With PlayStation 5 out in much of the world this week, and Xbox Series X arriving tomorrow, critics have already started to make judgement calls about which way this generation’s so-called console war might be headed.

Sony and Microsoft have taken quite different approaches this time around, with their tactics inspired by each firm’s experience of the current generation. Sony’s PlayStation significantly outsold Xbox One and its budget spin-off models by sticking to a rigorous and highly successful program of platform exclusives. This time Microsoft is betting the farm on Game Pass, a service it would like to see becoming the de factor Netflix of video games.

Normally console platform holders make their money by selling games. No matter who publishes a title, they pay the platform owner for a licence to produce and market compatible games, in a business model that’s been in operation since consoles have existed. Microsoft wants to disrupt that with its subscription service, which effectively renders buying new games obsolete, as most of the best titles, along with a raft of older ones, come included in a single monthly payment.

In its commanding lead of this generation’s console face-off, Sony sees no reason to change a policy that’s served it very well indeed. Its exclusive titles - often single player games, a genre that’s seen a decline over the last decade - have been one of the primary reasons many gamers chose to buy a PlayStation. That difference in tactics has also informed the new consoles’ launches.

For Sony it’s meant a launch line-up that includes the blockbusting Spider-Man franchise, albeit in a side-story with Miles Morales, a remake of Demon’s Souls, No Man’s Sky: The Next Generation, and PlayStation brand-celebrating Astro’s Playroom. Microsoft by contrast has no exclusives at all at launch, relying instead on multi-platform releases like Assassin’s Creed Valhalla and Dirt 5.

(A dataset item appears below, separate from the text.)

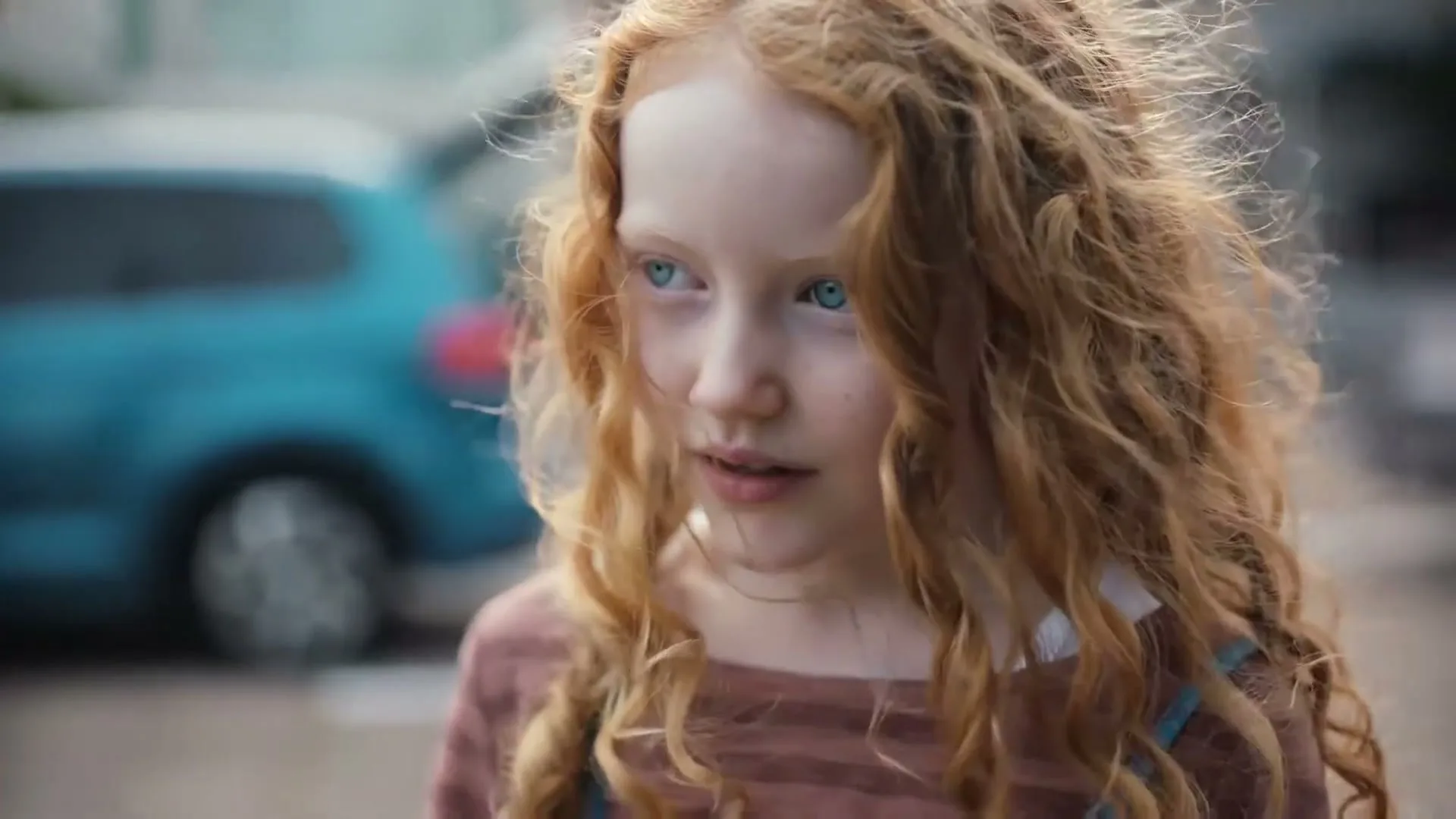 A young girl with long, curly red hair and blue eyes looks around with a curious expression, with a blue car in the background.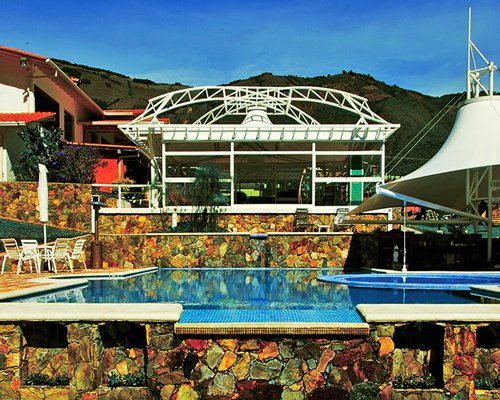 An outdoor swimming pool with patio furniture and sunshade alongside resort unit.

Critics have generally not been kind to Xbox Series X, partly for its puny launch games, and partly because it shares Xbox One’s confusing and cluttered dashboard, and has a controller that’s barely changed, while Sony’s new UI and re-imagined controller with its force feedback triggers and more refined vibration set-up feel a lot more like a step forward.

It’s very early days, and we won’t really have a clue as to likely winners and losers for months if not years, but it’s certainly not been an auspicious start for Microsoft’s new baby, where for all its pre-release scarcity in online stores, PlayStation 5 appears to be stealing an early lead.